Le 4 juin 2005, au 14 de la rue Croix-Bosset à Sèvres, le maire a dévoilé une plaque commémorative consacrée à la Maison d'Enfants de Sèvres et à sa directrice fondatrice Yvonne HAGNAUER qui, pendant l'Occupation, bravant les lois de Vichy, abrita dans l'école de nombreux enfants ainsi que des adultes en situation irrégulière (étrangers, francs-maçons, réfractaires au STO, résistants, juifs), les préservant ainsi de l'arrestation, de la déportation et de la mort.

 

Plus d'une centaine d'anciens élèves et professeurs étaient présents - dont le mime Marceau - mêlés à la foule des Sèvriens, des amis et des curieux.

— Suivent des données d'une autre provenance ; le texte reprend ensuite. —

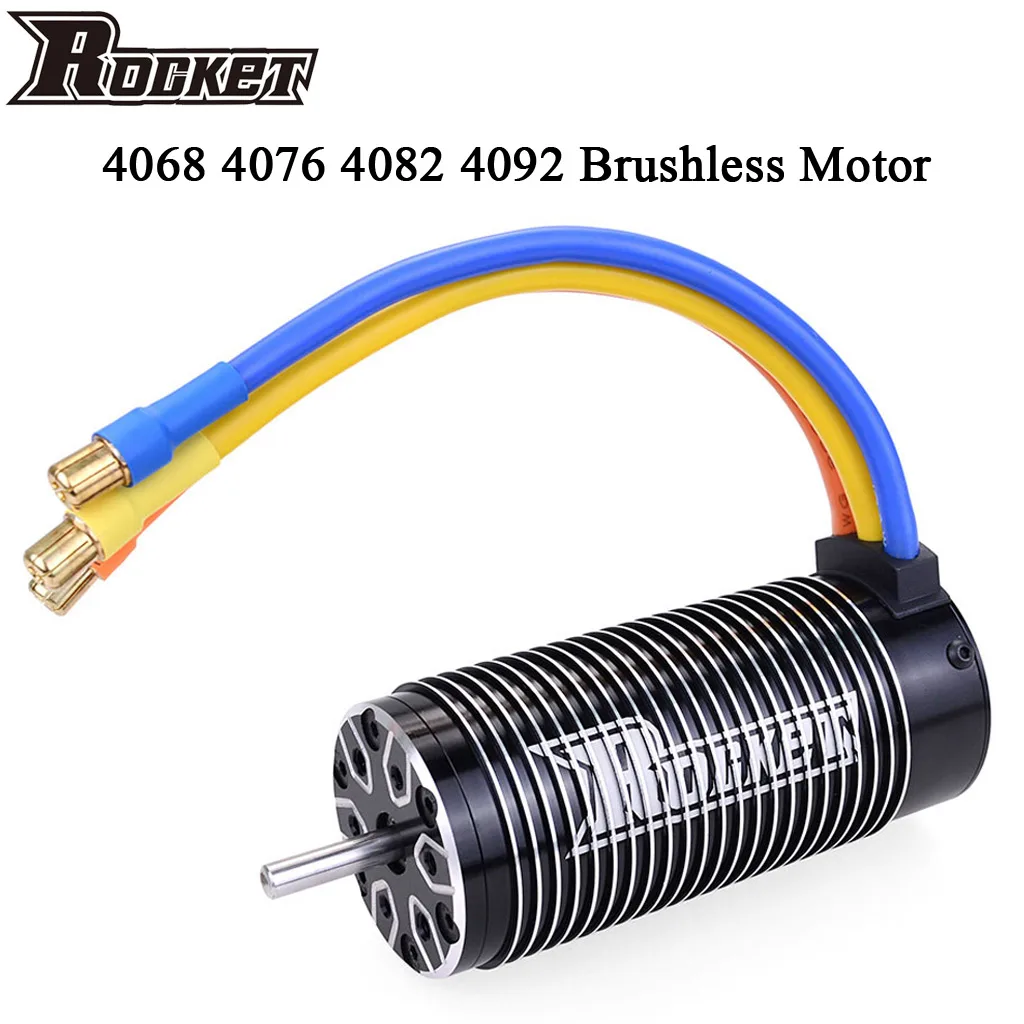 

SURPASS HOBBY ROCKET RC 4092 4082 4076 4068 4P Sensorless Motor Waterproof Brushless Motor for 1/8 RC Car RTR Scx10 Trx4 Traxxas
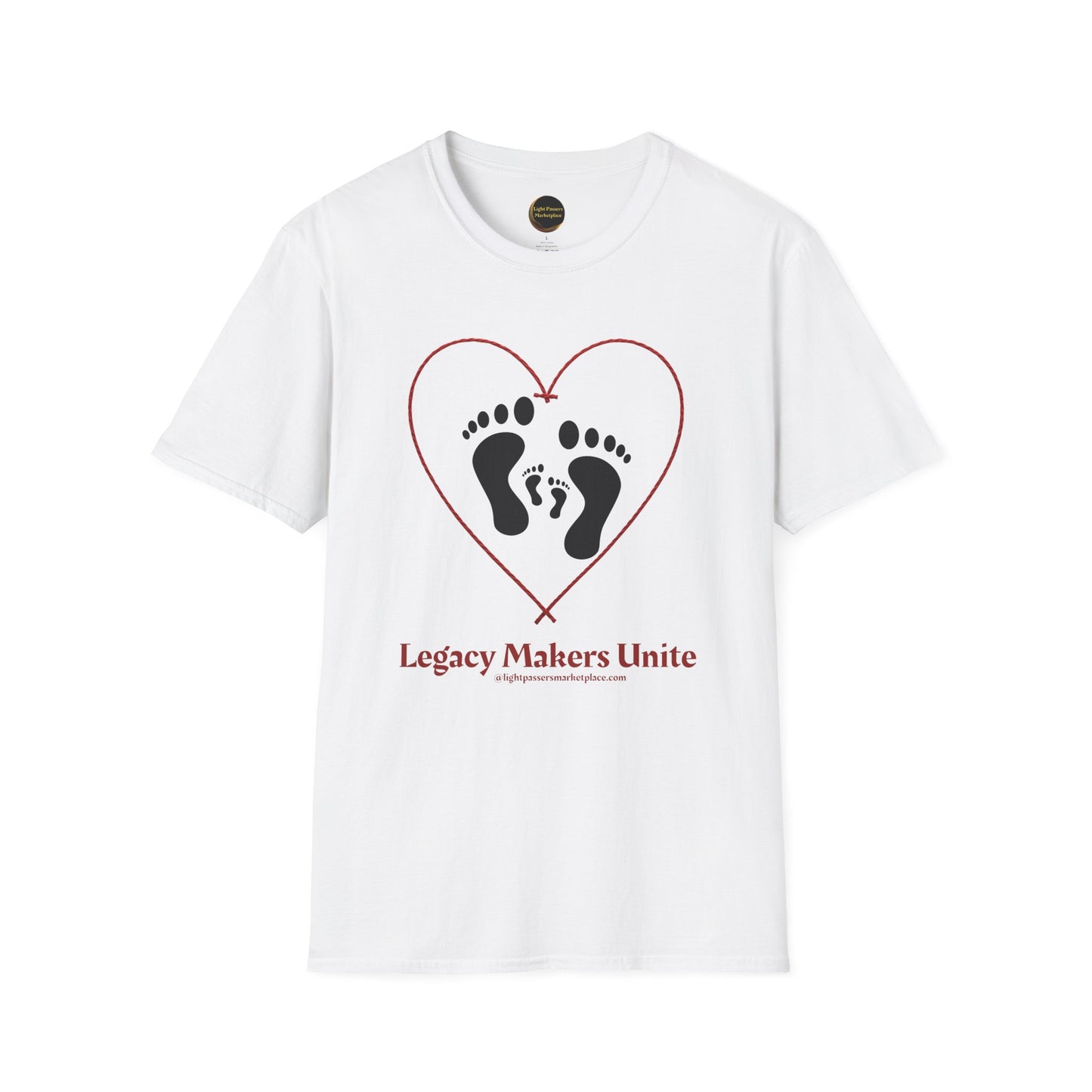 Legacy Makers Unite T-Shirt featuring a red heart and footprints design, symbolizing love and legacy, with slogan and website credit, unisex and ethically produced.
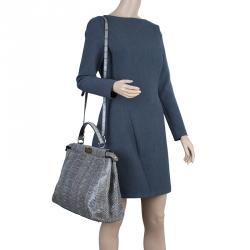 Fendi Grey Python Leather Large Peekaboo Bag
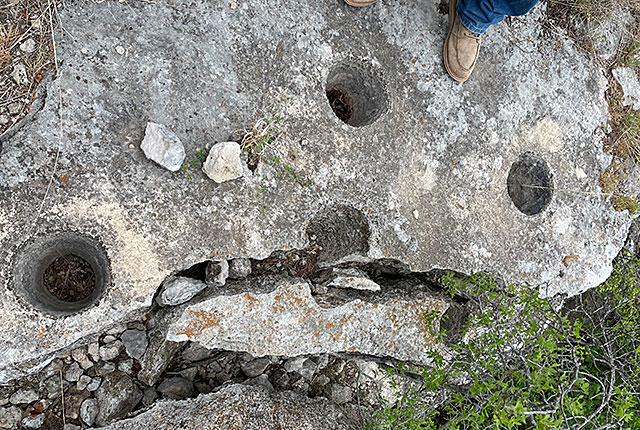 Photo: Mortars created by Native Americans in McCulloch County, Texas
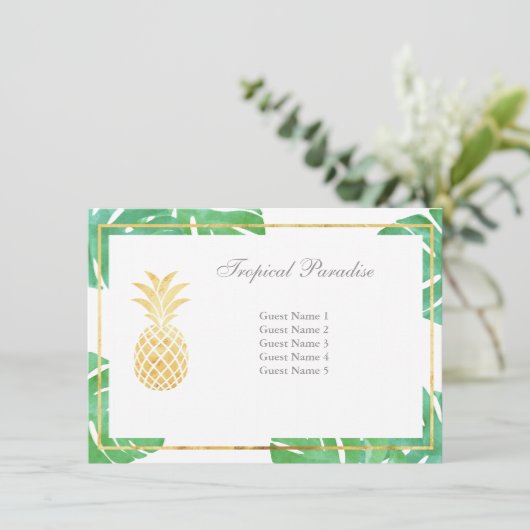 Tropische anananasepelzitjes voor Kaarten (Staand voorkant)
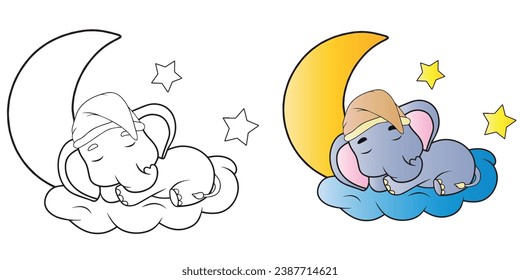 Coloring book, Clipart of a cute sleeping elephant on a cloud with the moon and stars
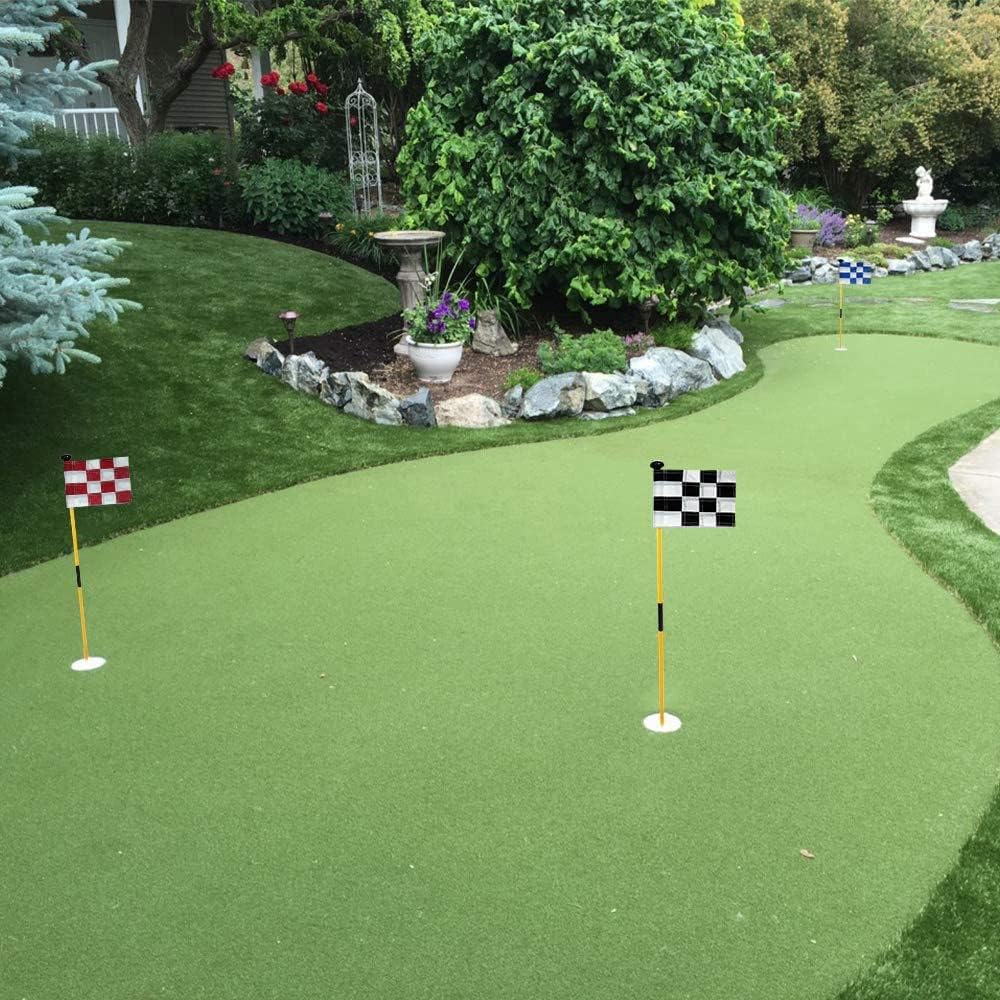 DRSUMLF 1 PCS Golf Flag Putting Green Flag Checkered Golf Flags with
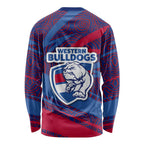 Western Bulldogs Australian Football Long Sleeve Shirt Tough Bulldog Mascot Art With Indigenous Pattern Art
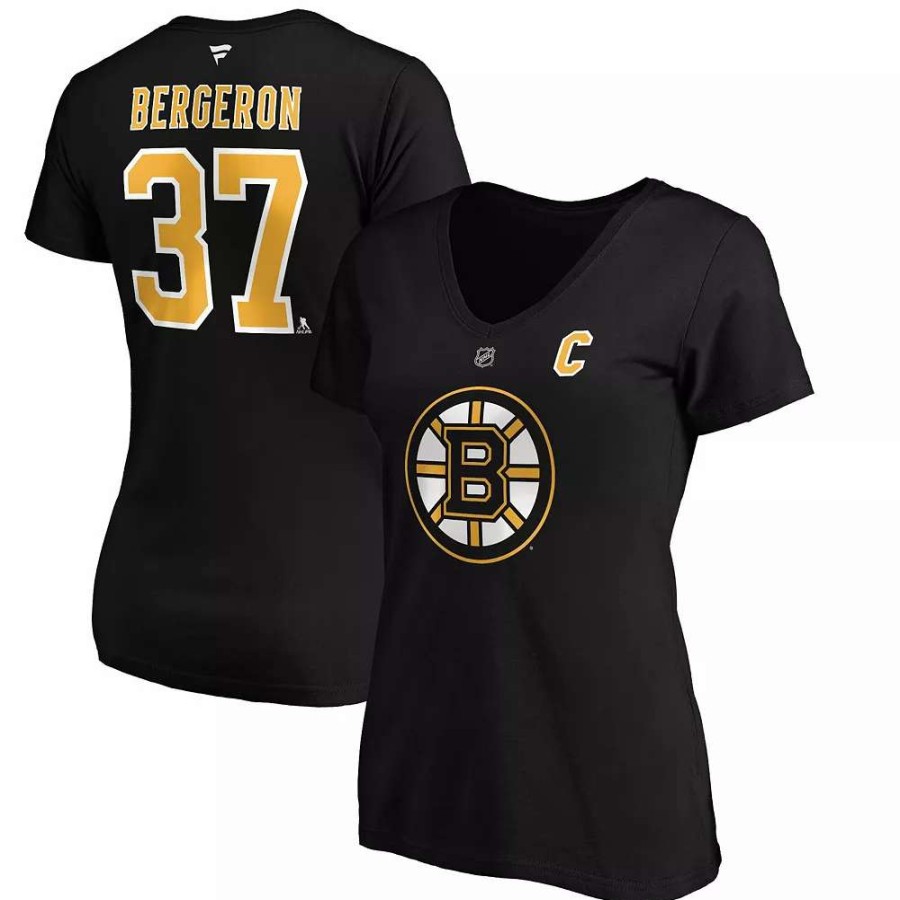 Tops * | Women'S Fanatics Branded Patrice Bergeron Black Boston Bruins Captain Patch Authentic Stack Name & Number V-Neck T-Shirt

Ils étaient venus de toute la France, et certains de l'étranger, rendre hommage et dire leur reconnaissance à la Résistante, "Juste parmi les Nations", mais également à l'institutrice républicaine, laïque, humaniste et progressiste, qu'ils considèrent comme une des grandes pédagogues du 20ème siècle.

 

Cependant Yvonne HAGNAUER (1898-1985), qui fut en son temps une grande figure du Groupe Français d'Éducation Nouvelle, est aujourd'hui peu connue et n'a pas vraiment fait école car, d'une part elle a peu écrit (trop occupée qu'elle était à diriger la Maison d'Enfants de Sèvres jusqu'à l'âge de 72 ans) et, d'autre part, elle était farouchement opposée à toute méthode figée, à toute doctrine et a toujours refusé d'être un maître à penser, un gourou, un expert ou un modèle.

 

Elle défendait l'idée que l'éducation est ART autant que TECHNIQUES et qu'il n'y a pas d'enseignement qui ne doive tenir compte à la fois du maître (de ses compétences, de sa personnalité), des élèves (leurs caractéristiques individuelles et collectives), du contexte et du moment de l'acte pédagogique : "Après une étude sérieuse des différentes méthodes en usage, écrira t-elle, nous décidâmes de ne nous inféoder à aucune école, ni à aucune secte, soucieux en cela de respecter la personnalité du maître que nous ne voulions pas amputer de son pouvoir créateur, en le condamnant à être le desservant d'un culte établi"*.

 

"Par la place que nous entendions donner à l'observation, à l'activité, nous nous sentions très proches d'Ovide Decroly dont nous connaissions les travaux et dont nous nous inspirions ; mais nous ne pûmes, ni ne voulûmes suivre le développement des centres d'intérêt dans l'ordre où il les publia. C'est pourquoi les centres d'intérêt proposés et choisis par les enfants sont toujours assez souples pour rester dans le champ des programmes de l'enseignement primaire"**.

 

La Liberté, elle la revendiquait pour le maître mais aussi pour l'enfant : "Le petit d'homme ne peut créer que s'il est placé dans un climat favorable, sans les contraintes scolaires rigides qui étouffent son initiative et sclérosent son goût d'action. Il faut qu'il puisse agir et entreprendre à sa guise. Il fait ainsi, dès son jeune âge, l'apprentissage de la liberté sans laquelle meurent ses facultés créatrices et l'originalité de sa personnalité"*. Il s'agissait, suivant la belle formule de Jean Rostand "de former les jeunes sans les conformer, de les enrichir sans les endoctriner, de les armer sans les enrôler et sans exiger la ressemblance".

 

Pour cela, l'école utilise les "techniques qui sont propres à toutes les Écoles Nouvelles : imprimerie, pipeau, chant choral, tissage, tournage, décoration, dessin, modelage, linogravure, marionnettes, décors, maquettes, danse folklorique, jeu dramatique, jardinage, cuisine, couture, etc. ; nous les considérions, bien entendu, non comme une fin, mais comme moyens d'expression propres à maintenir chez l'enfant le sens de la création et le désir de l'expression libre". Pendant "qu'ils parlent, qu'ils travaillent, qu'ils dansent ou jouent, les enfants échappent à l'automatisme du dressage savant. Leur spontanéité rayonne et éclate dans la joie de la liberté conquise"**.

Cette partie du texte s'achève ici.